== WORK ORDER ==
Below are entries; repeat exactly, and nothing else, the lines from the one holding "Strength training is" through the one holding "Gökkuşağı bayrağı taşıyan", inclusive. Leave the pictures out.

== SUPPLIED DATA ==
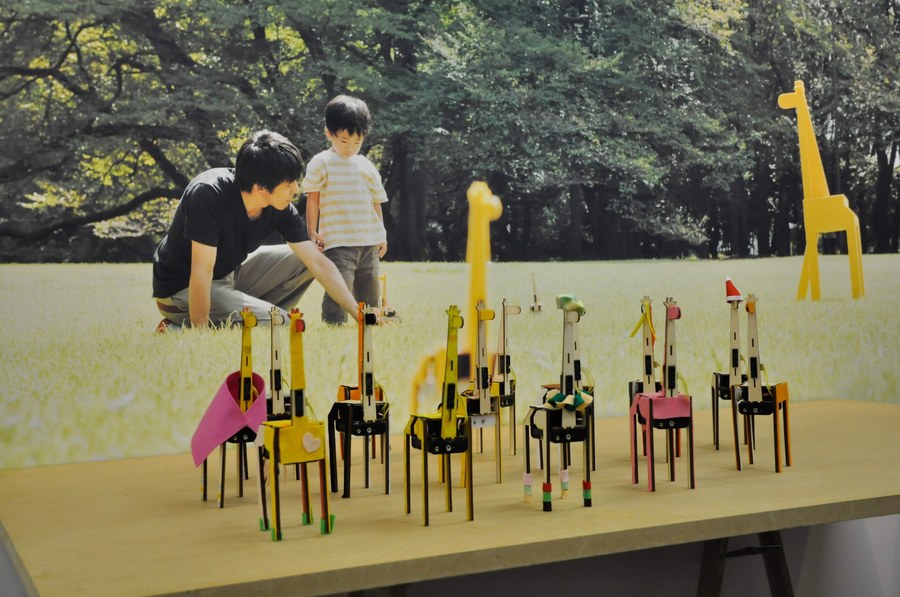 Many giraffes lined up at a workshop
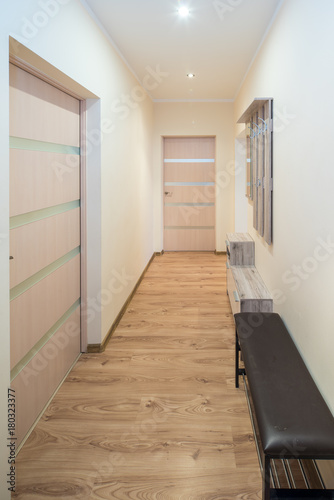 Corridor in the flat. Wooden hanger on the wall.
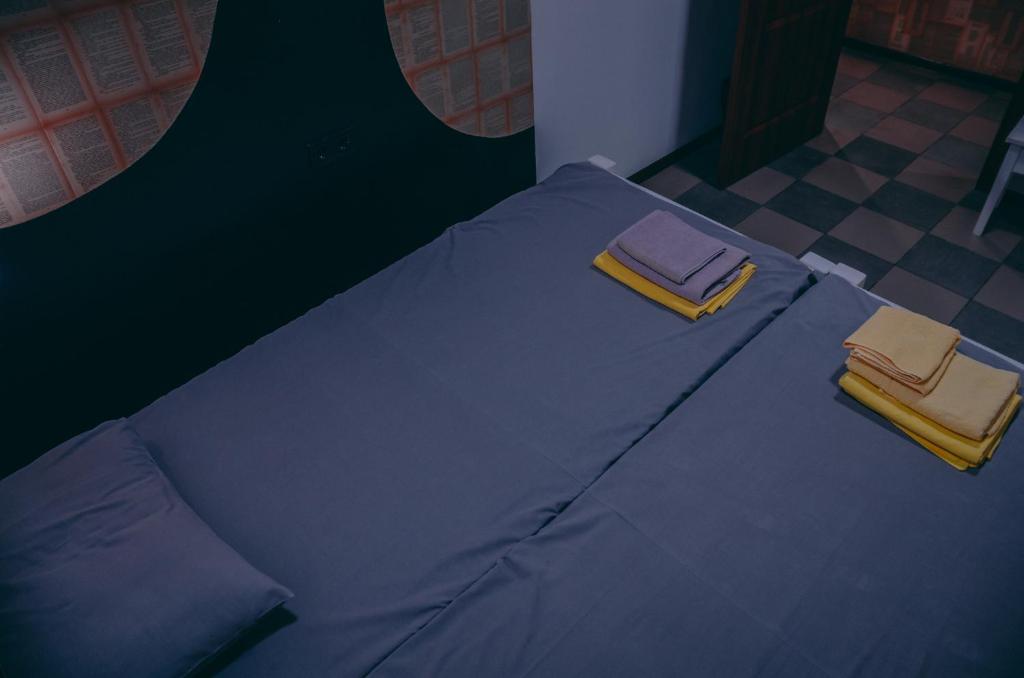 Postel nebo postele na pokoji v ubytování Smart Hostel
==
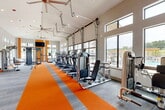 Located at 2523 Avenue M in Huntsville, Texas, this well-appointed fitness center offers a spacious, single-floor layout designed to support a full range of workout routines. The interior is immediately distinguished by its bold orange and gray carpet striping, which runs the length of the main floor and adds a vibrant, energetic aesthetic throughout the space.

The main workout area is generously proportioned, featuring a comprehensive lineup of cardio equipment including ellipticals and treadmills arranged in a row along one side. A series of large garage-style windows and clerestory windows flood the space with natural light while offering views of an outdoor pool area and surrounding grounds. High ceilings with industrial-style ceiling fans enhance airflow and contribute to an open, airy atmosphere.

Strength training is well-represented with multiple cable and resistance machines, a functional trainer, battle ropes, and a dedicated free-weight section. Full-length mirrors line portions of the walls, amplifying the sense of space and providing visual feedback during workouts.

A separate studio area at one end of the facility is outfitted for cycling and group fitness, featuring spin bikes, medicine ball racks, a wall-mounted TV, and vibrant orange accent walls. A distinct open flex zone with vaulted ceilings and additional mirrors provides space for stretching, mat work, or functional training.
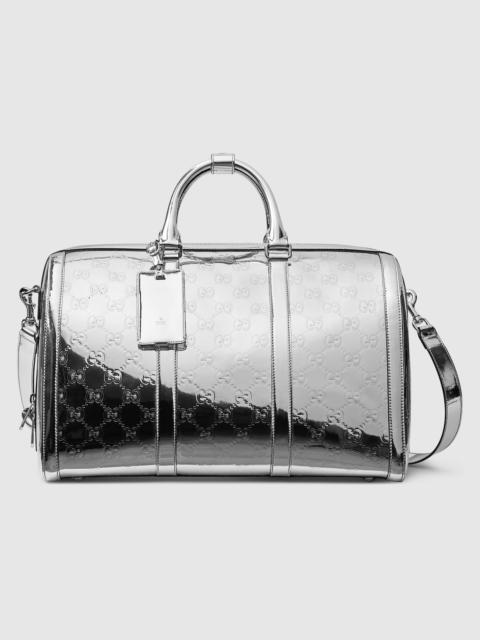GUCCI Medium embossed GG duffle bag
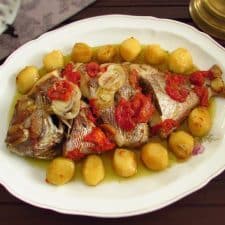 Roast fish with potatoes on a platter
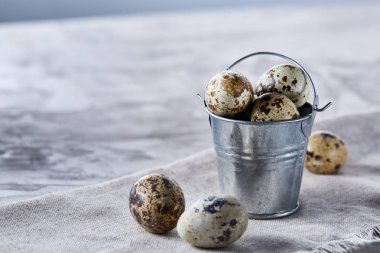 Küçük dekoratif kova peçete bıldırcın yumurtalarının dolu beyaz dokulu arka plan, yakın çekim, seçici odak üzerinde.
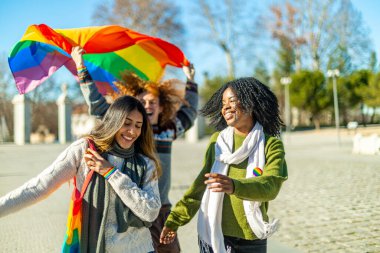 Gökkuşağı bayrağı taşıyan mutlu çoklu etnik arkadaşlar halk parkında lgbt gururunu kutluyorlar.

== RESPONSE TO THIS EXERCISE ==
Strength training is well-represented with multiple cable and resistance machines, a functional trainer, battle ropes, and a dedicated free-weight section. Full-length mirrors line portions of the walls, amplifying the sense of space and providing visual feedback during workouts.

A separate studio area at one end of the facility is outfitted for cycling and group fitness, featuring spin bikes, medicine ball racks, a wall-mounted TV, and vibrant orange accent walls. A distinct open flex zone with vaulted ceilings and additional mirrors provides space for stretching, mat work, or functional training.
GUCCI Medium embossed GG duffle bag
 Roast fish with potatoes on a platter
 Küçük dekoratif kova peçete bıldırcın yumurtalarının dolu beyaz dokulu arka plan, yakın çekim, seçici odak üzerinde.
 Gökkuşağı bayrağı taşıyan mutlu çoklu etnik arkadaşlar halk parkında lgbt gururunu kutluyorlar.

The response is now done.